Il explique: «Ces dernières années, de nombreux vignerons sont passés au vin
naturel avec fermentation spontanée qui peut représenter un risque important.
Au lieu de miser sur la chance avec 20 tonnes, nous procédons à un essai avec
20 ou 30 kilos afin d’avoir la bonne levure lorsque la récolte arrive.» Pour
ses vins plusieurs fois distingués de la médaille d’or, il préfère miser sur
une bonne levure vitale.
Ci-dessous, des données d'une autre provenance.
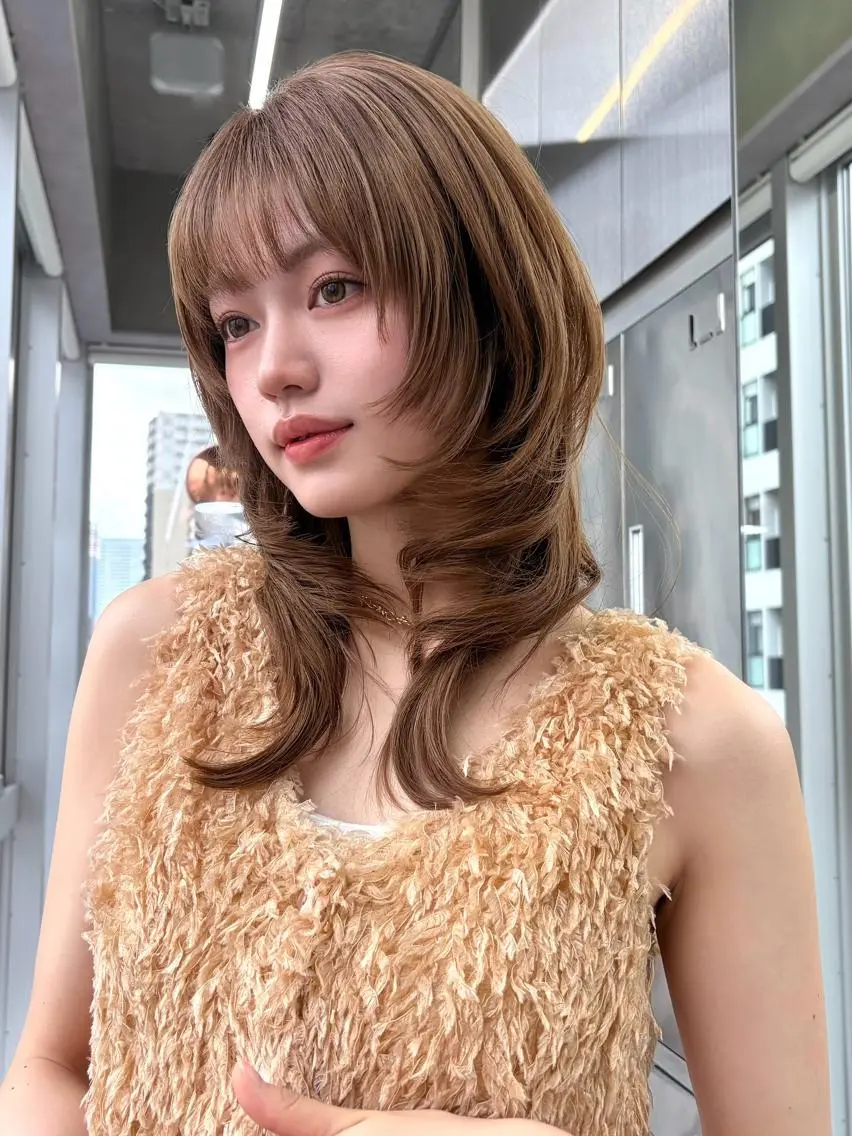ミディアム ミディアムレイヤー ハッシュカット 韓国風ヘア レイヤーカット 縮毛矯正 GLROW 大宮のヘアスタイル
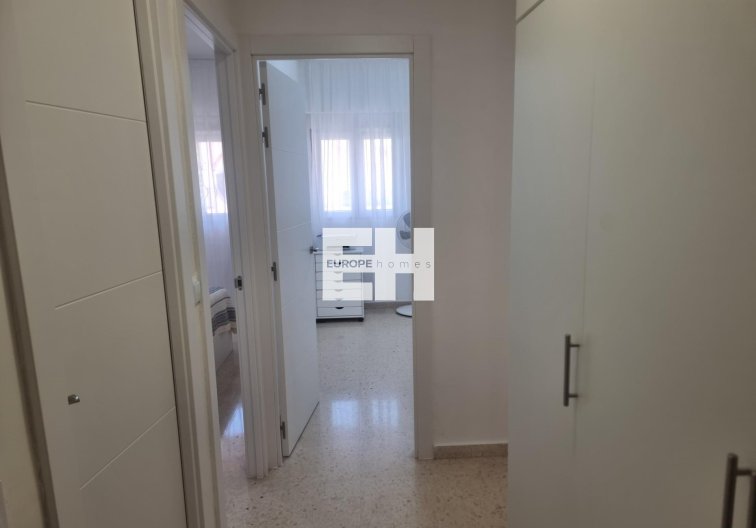 Segunda mano - Apartamento  - Torrevieja - Playa de los Locos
Elle produit des arômes purs, beaucoup d’alcool, mais
aucun effet secondaire tel que le soufre «maux de tête» ou des composés à
hydrogène pouvant entraîner une altération du goût.
Oxydation et soufre
Pendant
les années de guerre, alors que de nombreux alcooliques souffraient de cirrhose
du foie, un vin européen moyen contenait entre 450 et 500 mg/l de soufre
combiné. Du soufre était ajouté aux vignes mêmes, le jus ne devant en aucun cas
brunir. On ajoutait encore du soufre avant et après la fermentation. Bruno
Martin travaille depuis 38 ans sans conservateurs, au plus près de la nature.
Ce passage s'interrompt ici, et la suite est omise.